Pictures with short captions:
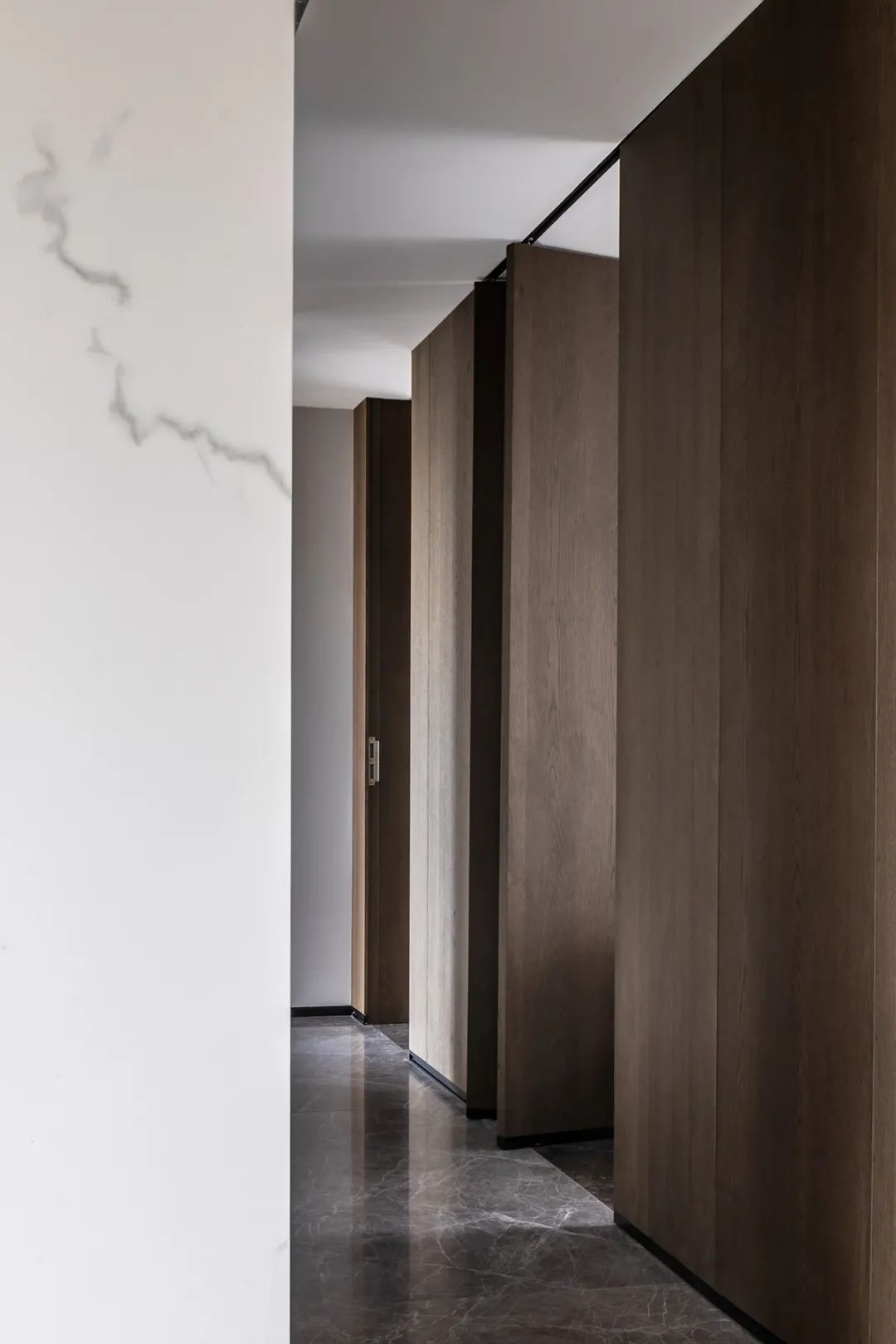 惠州方直星耀国际大露台,惠州方直星耀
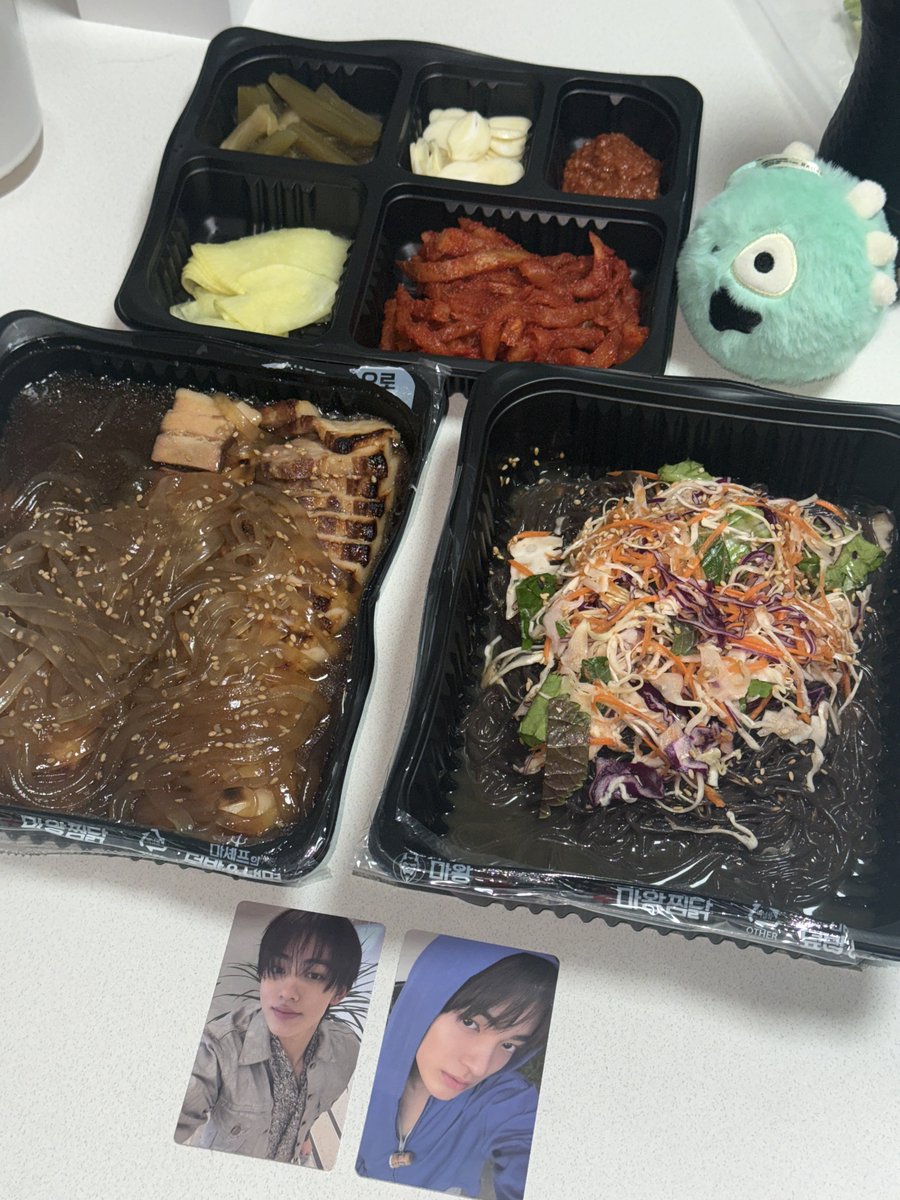 보름♡i.. tweet media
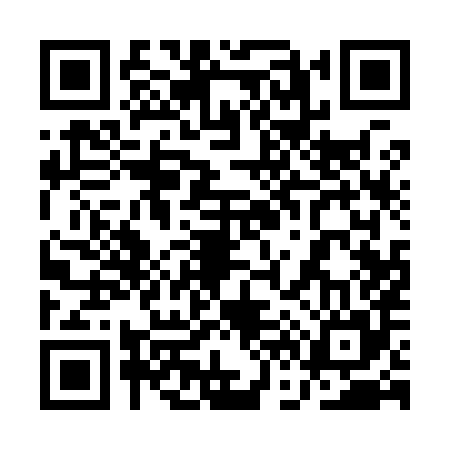 QR code for 1F1985Y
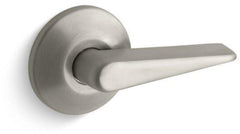 KOHLER 9171-L-BN TOILETS & ACCESSORIES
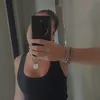 elena_idmpriv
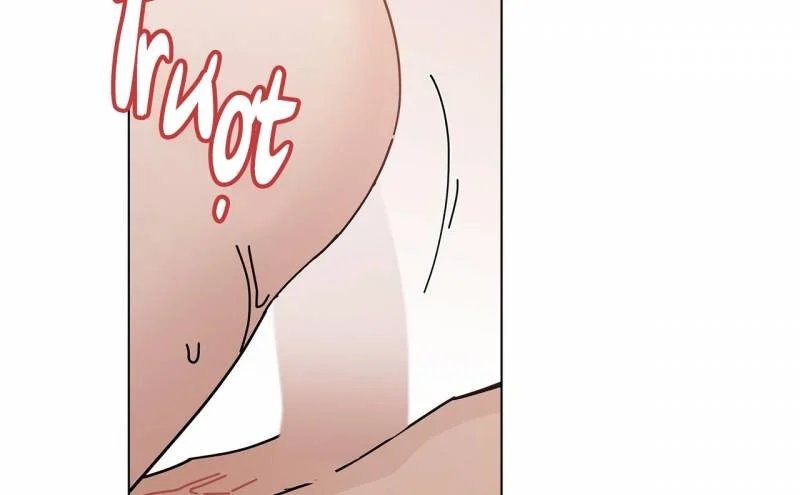 home five chapter 22 125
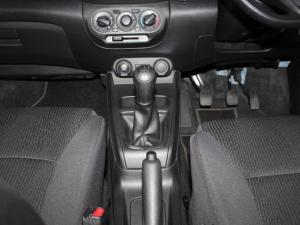 Suzuki Ertiga 1.5 GA - Image 14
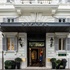 (21186)Sofitel Roma Villa Borghese1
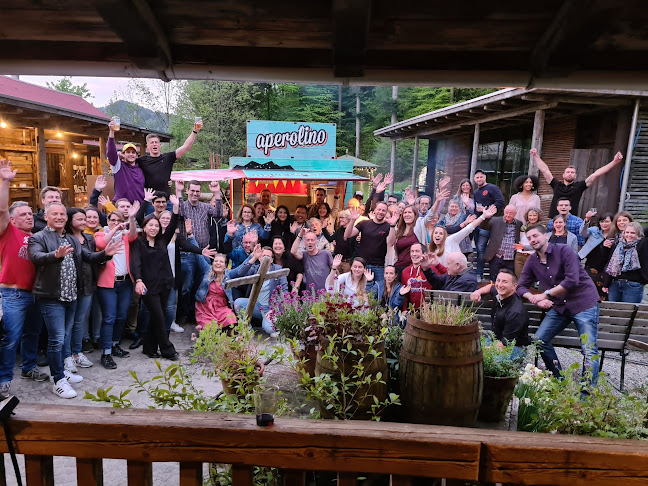 Comentarii opinii despre aperolino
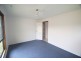 Tewantin QLD 4565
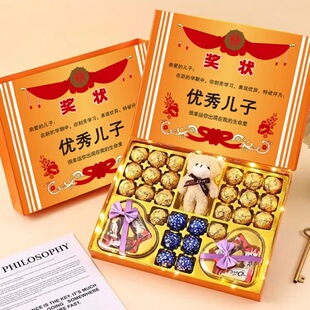 ���l���������ꃞ��Ů�������ǹ��Y���b��ʳ��Y���̓���Ů��С��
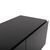 ΕΠΙΠΛΟ ΤΗΛΕΟΡΑΣΗΣ HUDSON HM9748 MDF ΚΑΠΛΑΜΑΣ ΚΑΡΥΔΙΑΣ ΚΑΡΥΔΙ&ΣΚΟΥΡΟ ΓΚΡΙ 180x40x50Υ |  Έπιπλα τηλεόρασης στο espiti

**What this task involves**
Retype every record above word for word, leaving out any pictures.

**Solution to the exercise**
 惠州方直星耀国际大露台,惠州方直星耀
 보름♡i.. tweet media
 QR code for 1F1985Y
 KOHLER 9171-L-BN TOILETS & ACCESSORIES
 elena_idmpriv
 home five chapter 22 125
 Suzuki Ertiga 1.5 GA - Image 14
 (21186)Sofitel Roma Villa Borghese1
 Comentarii opinii despre aperolino
 Tewantin QLD 4565
 ���l���������ꃞ��Ů�������ǹ��Y���b��ʳ��Y���̓���Ů��С��
 ΕΠΙΠΛΟ ΤΗΛΕΟΡΑΣΗΣ HUDSON HM9748 MDF ΚΑΠΛΑΜΑΣ ΚΑΡΥΔΙΑΣ ΚΑΡΥΔΙ&ΣΚΟΥΡΟ ΓΚΡΙ 180x40x50Υ |  Έπιπλα τηλεόρασης στο espiti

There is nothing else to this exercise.